Both mitochondrial RFs carry the highly conserved GGQ motif in domain 3 (Fig. 1a), which is essential to facilitate peptide hydrolysis within the ribosome in all kingdoms of life. Mutations within the GGQ motif in bacterial or eukaryotic release factors as well as in human mL62 disable RFs to terminate translation while the proteins are stably expressed and the interaction with the ribosome is maintained11,27,28,29,30. We expressed mitochondrial RF variants in which we mutated the two glycine residues of the GGQ motif into alanine residues (Fig. 3d–g). Mutant variants were expressed to comparable levels as the FLAG-tagged wild-type RFs. However, mitochondrial translation could not be restored indicating that the catalytic activity of both release factors is required for their function and for mtDNA-encoded protein synthesis. Thus, our data indicate that mitochondrial RFs are indeed required for mitochondrial translation termination in vivo and mtRF1 is specifically assigned for COX1 synthesis, while mtRF1a terminates other mitochondrial translation events including ND6.

Ablation of mitochondrial release factors affect mt-mRNA stability

Defects in mitochondrial translation often lead to an upregulation of mitochondrial transcripts potentially as a compensatory effect as indicated in previous studies31,32. We also investigated the steady-state levels of mitochondrial mRNAs as well as rRNAs by northern blotting in mtRF1−/− and mtRF1a−/− (Fig. 4a, b). The 12 S (MTRNR1) and 16 S rRNA (MTRNR2) remain stable in both knockouts, which is in agreement with the proper formation of mitochondrial ribosomes (Fig. 3c). However, mt-mRNAs are contrarily affected upon loss of mitochondrial RFs. While COX1-encoding mRNA (MTCO1) is significantly reduced in mtRF1-ablated cells, it remains stable in mtRF1a−/−. In contrast, transcripts encoding for COX2 or CYTB are strongly decreased in mtRF1a−/−, but are unaffected upon mtRF1 loss. Mitochondrial transcripts derive from two polycistronic transcripts. With the exception of MTND6 (mRNA encoding for ND6), all of the mt-mRNAs arise from the polycistronic transcript synthesized from the heavy strand. If the loss of mitochondrial RFs would affect mitochondrial transcription, one would expect an overall decrease in all mitochondrial transcripts. However, as we observe a selective decrease in specific transcripts in the individual knockouts, we conclude that it is more likely an issue of RNA stability rather than synthesis. To support this hypothesis, we blocked mitochondrial translation using chloramphenicol and show that MTCO1 levels can be restored in mtRF1−/− (Fig. 4c, d) indicating that the degradation of MTCO1 transcripts is dependent on translation. To ensure that MTCO1 is the only affected transcript in mtRF1−/−, we measured the steady-state level of all mt-mRNAs by NanoString analysis (Fig. 4e). In agreement with our northern blot results, MTCO1 was the only reduced transcript in mtRF1-ablated cells whereas all the other transcripts were comparable to wildtype. Thus, mtRF1 loss induces the degradation of MTCO1, which might be part of a quality control system. Nevertheless, COX1 is not completely diminished and still detectable in mitochondrial supercomplexes in the absence of mtRF1, which ensures respiratory competence in mtRF1−/−. Consequently, an alternative factor must fulfill the task of COX1 translation termination and thus compensate for the loss of mtRF1.

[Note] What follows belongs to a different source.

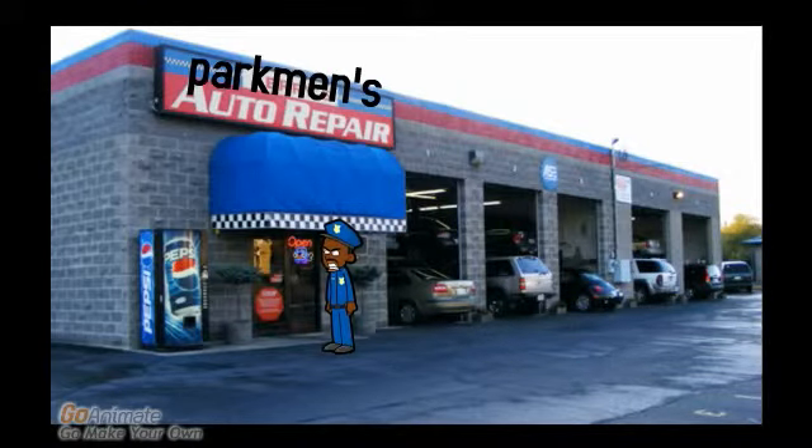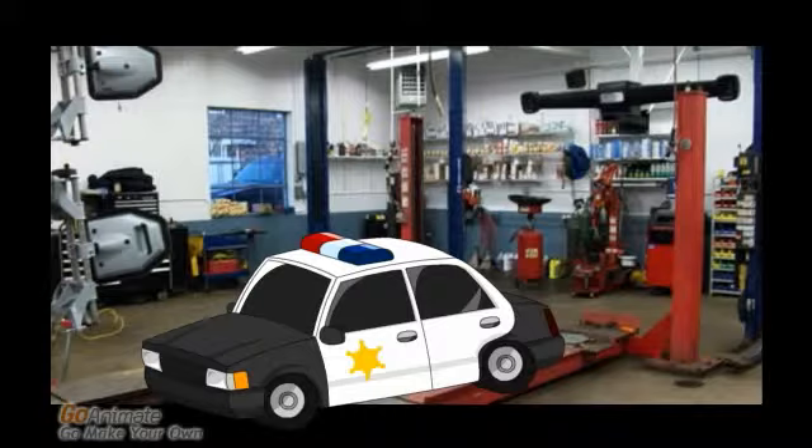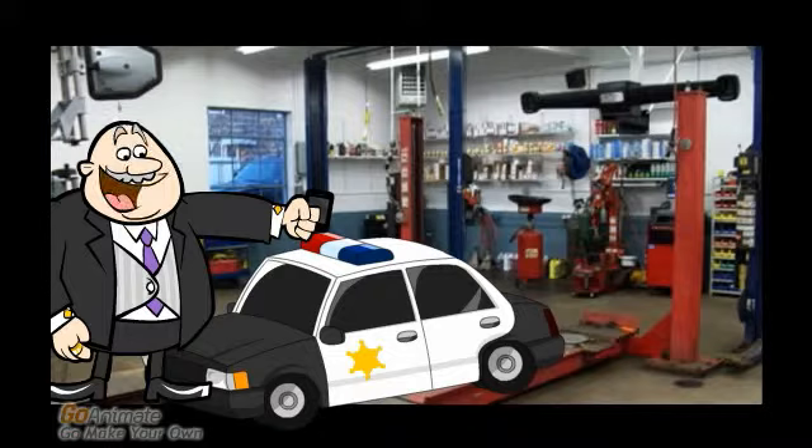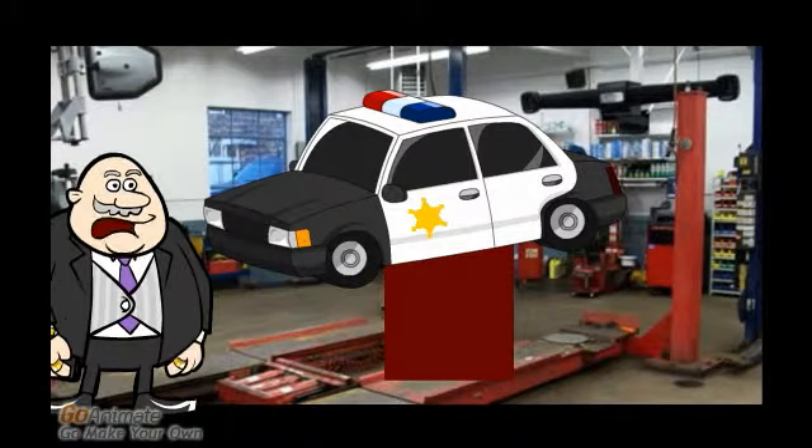This is it. Parkman's Auto Repair. I'm getting inside in here. The police car is lifted up.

Fig. 4: Mitochondrial transcripts are altered upon ablation of mtRF1 or mtRF1a.
figure 4

a, b RNA was isolated from wild-type (WT) cells, mtRF1−/− and mtRF1a−/− and subjected to northern blot analysis. Mitochondrial mRNAs encoding for COX1 (MTCO1), COX2 (MTCO2) and CYTB (MTCYTB) as well as the mt-rRNAs 12 S rRNA (MTRNR1) and 16 S rRNA (MTRNR2) were detected using specific probes. 18 S rRNA was used as loading control. RNA levels are calculated relative to WT (dashed line) and individual data points are indicated as circles. Statistical analysis was performed as two-sample one-tailed Student’s t-test with n = 3 biologically independent samples and shown as mean ± SEM. Significance was defined as *p ≤ 0.05 ; **p ≤ 0.01 ; ***p ≤ 0.001. c, d RNA was isolated from WT, mtRF1−/− and mtRF1a−/− treated with chloramphenicol (CAM, 50 µg/ml) for 24 h as indicated. Northern blot and statistical analysis were performed as in a, b. e Isolated RNA from WT and mtRF1−/− mitochondria was subjected to NanoString analysis. 18 S and 5 S rRNA were used as controls. The relative RNA levels of WT are indicated as dashed line. Statistical analysis was performed as two-sample one-tailed Student’s t-test with n = 3 biologically independent samples and shown as mean ± SEM. Significance was defined as ***p ≤ 0.001. Source data are provided as a Source Data file.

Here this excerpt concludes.